Metalico reports $10M third quarter loss

Metalico, Inc. reported a third quarter net loss of $10.7 million, equivalent to $0.22 per diluted share, due principally to a $12.1 million non-cash impairment charge to intangible assets.

Excluding the impairment charge and other unusual items, Metalico posted an adjusted loss of $1.3 million, or $0.03 per share. Net income for the prior year quarter was $5.1 million, or earnings per share of $0.11.

Metalico posted sales of $133 million for the quarter ended September 30, as compared to $169 million in the 2011 period. Weak metal selling prices and sluggish volume contributed to the reduction in revenue.

The operating loss in the third quarter resulted primarily from a pre-tax $12.1 million non-cash impairment of intangible assets in the Company’s Platinum Group Metals (PGM) reporting units.

Year-over-year comparison to the third quarter of 2011 shows lower shipments except for nonferrous scrap, with ferrous scrap volumes down one percent. Lower PGM volumes accounted for a majority of the drop in revenue.
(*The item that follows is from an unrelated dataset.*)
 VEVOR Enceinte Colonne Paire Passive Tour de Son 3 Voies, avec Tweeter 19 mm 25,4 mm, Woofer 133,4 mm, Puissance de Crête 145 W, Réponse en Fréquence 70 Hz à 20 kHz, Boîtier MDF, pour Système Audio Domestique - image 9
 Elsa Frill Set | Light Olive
  • Sales decreased 21 percent to $133 million from $169 million.
  • The company had adjusted operating income of $188,000, versus income of $6.5 million.
  • A net loss of $10.7 million was reported, of which $8.4 million was the non-cash impairment, and $955,000 related to the book-to-physical inventory adjustment, compared to reported net income of $5.1 million in the prior year quarter.
  • Reported loss per share was $0.22, compared to earnings of $0.11.
  • Shipments of nonferrous metals increased 31 percent to 42.9 million pounds. Ferrous shipments were relatively unchanged at 134,300 gross tons.
  • Lead product shipments decreased 11 percent to 11.3 million pounds.
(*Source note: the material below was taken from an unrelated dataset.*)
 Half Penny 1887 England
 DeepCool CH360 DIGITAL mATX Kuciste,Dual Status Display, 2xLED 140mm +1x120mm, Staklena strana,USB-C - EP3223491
The company’s scrap metal recycling segment reported a $2.1 million operating loss in the third quarter compared to $4.2 million profit last year. A $1.5 million book-to-physical adjustment of ferrous inventory, due to shrinkage, was the chief contributor to the segment’s loss, combined with tighter metal margins.
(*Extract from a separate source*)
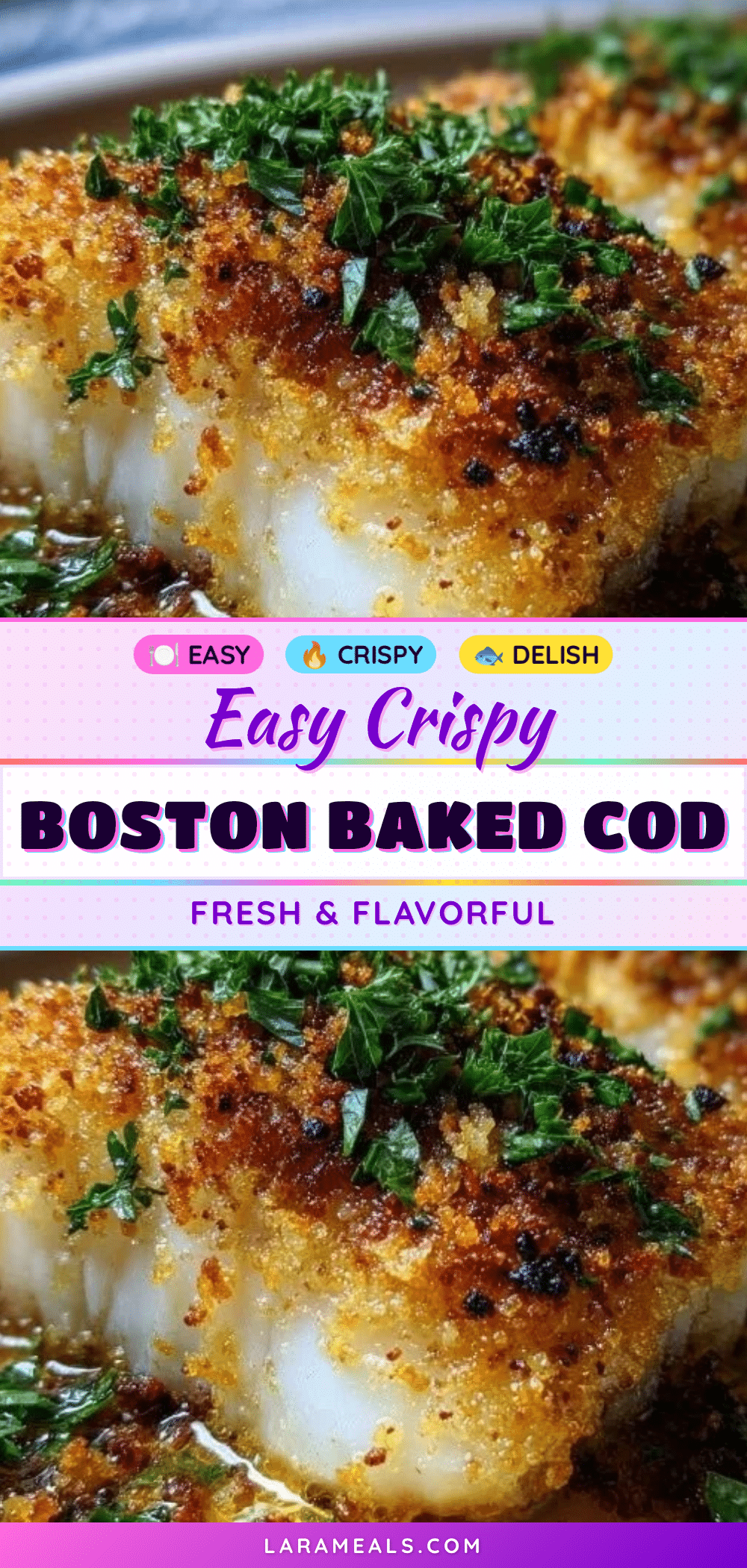 easy crispy Boston baked cod recipe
The $12.1 million impairment charge, combined with lower volumes, pushed the PGM and minor metals segment to an operating loss of $12.9 million versus operating income of $1.6 million in the prior year quarter.

Metalico’s ferrous and nonferrous recycling business suffered from a commodity-based rapid decline in scrap selling prices during the quarter. Both ferrous and nonferrous selling prices were down, with ferrous pricing dropping $48, or 11 percent, to $370 from $418 per gross ton in the sequential quarter.

Carlos E. Agüero, Metalico’s president and chief executive officer, said, “Undeniably, we had a difficult quarter. Our operations were adversely impacted by tight supply which resulted in persistently high metal buying prices coupled with volatile and declining commodity selling prices. However, we are making considerable progress in reducing operating expenses and have maintained discipline in metal buying practices.

“Competitive pressures for securing scrap units at acceptable margins have not abated. Yet we remain confident in Metalico’s ability to successfully navigate the challenging macroeconomic and metals industry environment.”